Your job is to print, exactly, the lines in the data below from the line with "Hi, today I'm" through the line with "Link Seal is", both included, and to omit any picture.

* _EXERCISE INPUT_
--*--

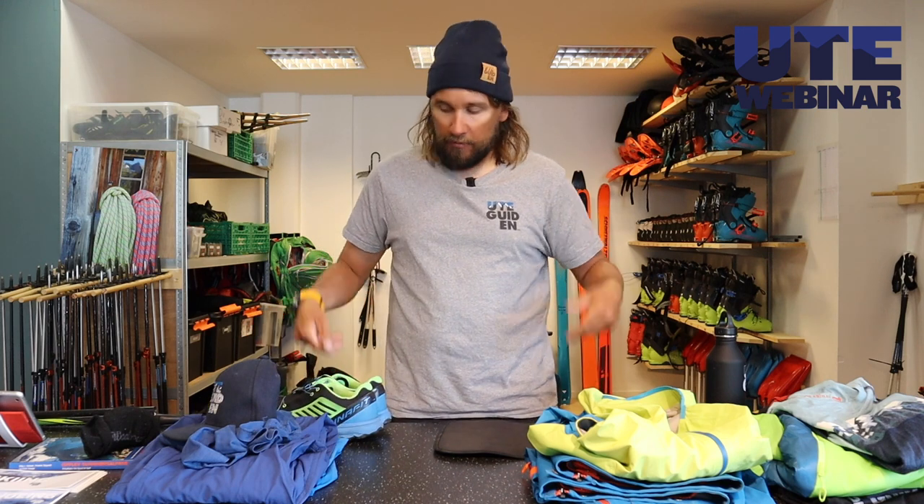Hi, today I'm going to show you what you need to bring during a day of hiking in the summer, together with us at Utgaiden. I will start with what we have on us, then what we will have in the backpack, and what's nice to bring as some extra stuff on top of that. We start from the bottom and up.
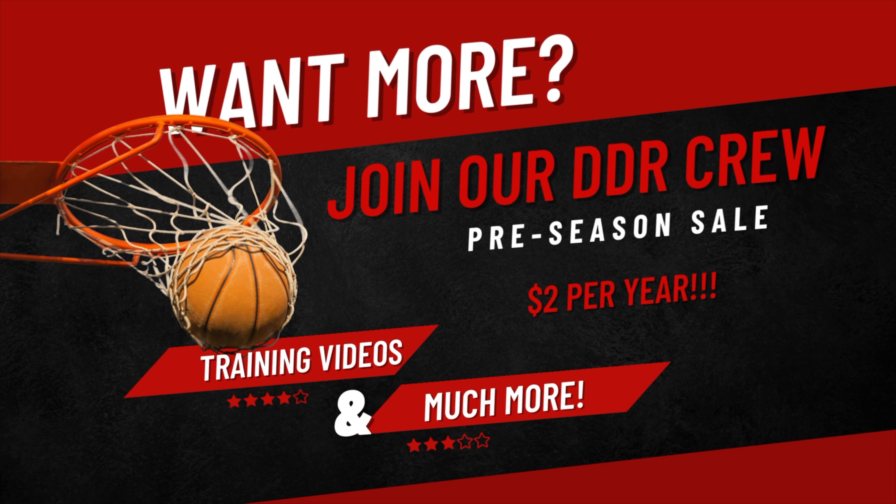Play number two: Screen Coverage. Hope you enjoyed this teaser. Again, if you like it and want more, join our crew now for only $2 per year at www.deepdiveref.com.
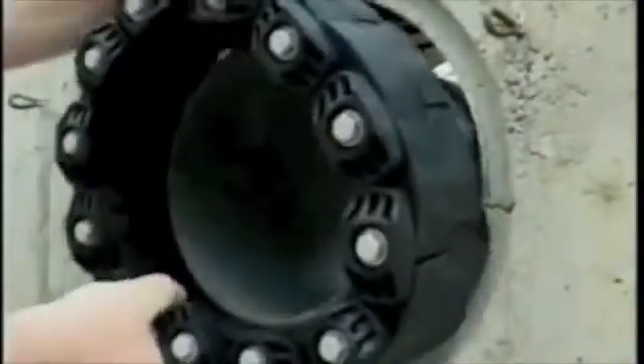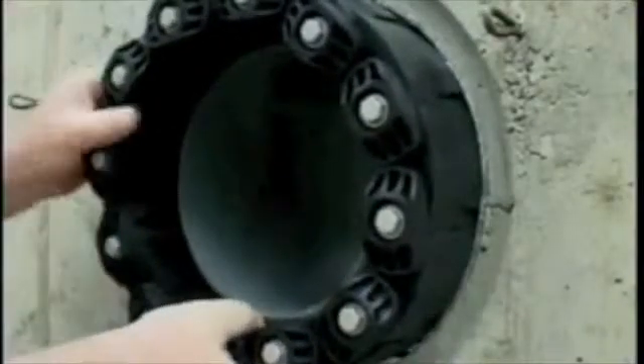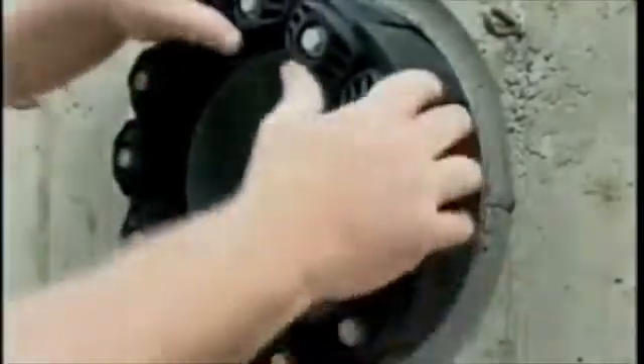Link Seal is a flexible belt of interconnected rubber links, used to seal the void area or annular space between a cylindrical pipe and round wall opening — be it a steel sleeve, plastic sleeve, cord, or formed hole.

--*--

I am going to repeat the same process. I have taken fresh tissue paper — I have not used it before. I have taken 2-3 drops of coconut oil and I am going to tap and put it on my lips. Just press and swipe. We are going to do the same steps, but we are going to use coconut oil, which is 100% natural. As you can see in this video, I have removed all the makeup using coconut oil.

--*--

* _TASK OUTPUT_
Hi, today I'm going to show you what you need to bring during a day of hiking in the summer, together with us at Utgaiden. I will start with what we have on us, then what we will have in the backpack, and what's nice to bring as some extra stuff on top of that. We start from the bottom and up.
Play number two: Screen Coverage. Hope you enjoyed this teaser. Again, if you like it and want more, join our crew now for only $2 per year at www.deepdiveref.com.
Link Seal is a flexible belt of interconnected rubber links, used to seal the void area or annular space between a cylindrical pipe and round wall opening — be it a steel sleeve, plastic sleeve, cord, or formed hole.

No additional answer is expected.